À Rueil commença pour nous cette vie de garnison qui devait devenir plus tard notre vie unique. Je pus observer sous un aspect nouveau les hommes au destin desquels j’étais lié. Il est impossible de rendre tout ce qu’il y avait dans la garde mobile de verve et d’entrain. Qu’une prise d’armes eût lieu, n’importe à quelle heure du jour ou de la nuit, et pas un soldat n’était malade. Les portes de l’infirmerie étaient fermées. Qui n’avait pas de souliers venait pieds nus ; qui avait égaré son fusil se trouvait armé subitement. Jamais le danger n’aura pour aucune troupe l’attraction qu’il eut pour nous. Quand l’appât des coups de fusil n’existait point, quand il s’agissait tout simplement de l’exercice, c’étaient une apathie et une mauvaise humeur universelles. Tant que le maniement des armes avait eu le charme de la nouveauté, on l’avait pratiqué avec entraînement ; depuis qu’il était devenu quelque chose de régulier et d’habituel, on l’avait pris en dégoût. Je ne saurais mieux comparer la garde mobile qu’à ces ardens et capricieux génies d’artistes qui passent de l’élan passionné pour tout ce qui est difficile et insolite au paresseux dédain des menus et ordinaires travaux de la vie.

Heureusement nous allions souvent à Paris, et nous y allions toujours les gibernes pleines. Le trajet se faisait en chantant. Quand nous arrivions à la barrière, la musique jouait, et le drapeau flottait au vent. J’ai eu l’honneur de porter quelquefois ce drapeau, qui fut troué par des coups de feu ; je me disais, alors que je marchais dans le rang, mesurant mon pas à celui des soldats : « Ici les balles m’atteindront peut-être ; mais ce que j’ai toujours craint et abhorré, ce que je trouve honteux de mépriser, lâche de subir, la calomnie et l’injure ne m’atteindront pas. » Cette pensée m’inspirait un attendrissement plein de bonheur et de fierté dont je remerciais Dieu.
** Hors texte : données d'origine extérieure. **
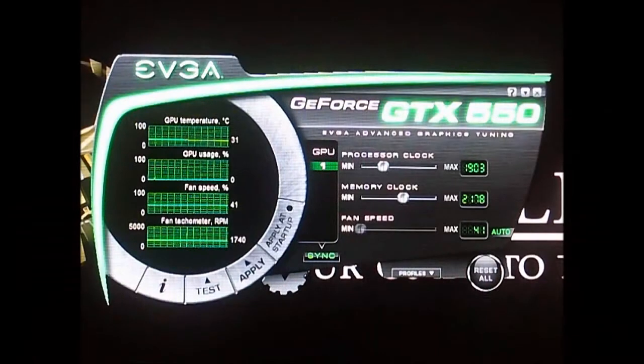Hi, this is Ron from Hitech Legion and this is part of the EVGA GeForce GTX 550 Ti FPB edition video card review. We are going to look at and listen to the fan noise of the GTX 550 Ti, including the temperature. This is the EVGA Precision software that comes on the software CD included in the package. You can also download it from EVGA's website.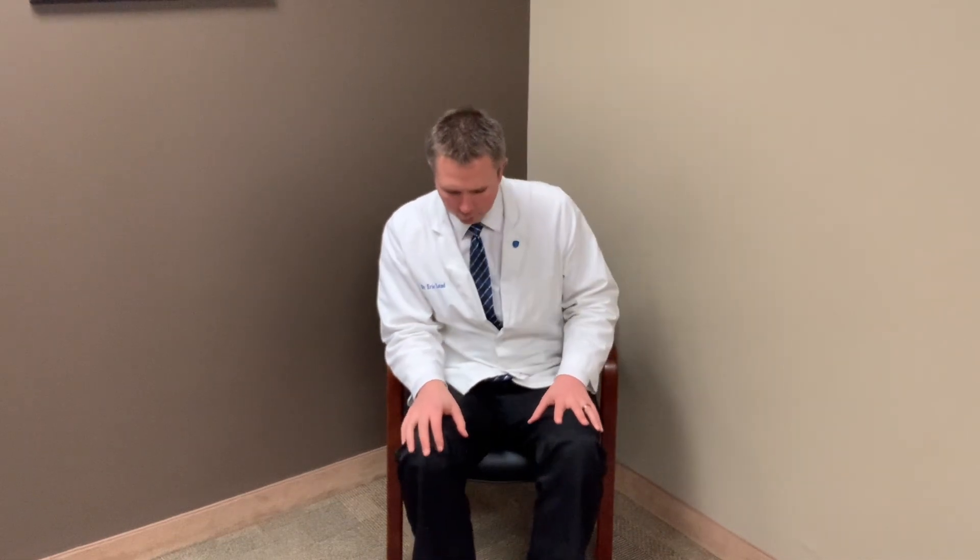Some people, if their sacroiliac joints are really tight and locked up, may only be able to get to here. That right there can be an assessment that you can do. Now, if you can't, you can kind of slide forward and run your leg out — extend this leg or straighten it out — and then bring this up, which is an easier way to get it into this position.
À Paris, nous campions sur les places publiques. On jetait de la paille sur les pavés, souvent même la paille manquait, et il fallait s’accommoder du lit de pierre. L’officier appuyait son front aux jambes d’un soldat qui prenait son havresac pour oreiller, et le sommeil n’en venait pas moins avec le cortége des songes. Je crois qu’il y a une espèce particulière de rêves pour ceux que la lune et les étoiles regardent dormir. Le sommeil sous les cieux étoilés m’a toujours paru tout imprégné de la clarté des constellations Quand le tambour, passant au-dessus des corps étendus, saluait des accens de la diane les premiers rayons de l’aube, on se levait avec autant de peine que s’il eût fallu quitter une couche moelleuse ensevelie dans une profonde alcôve.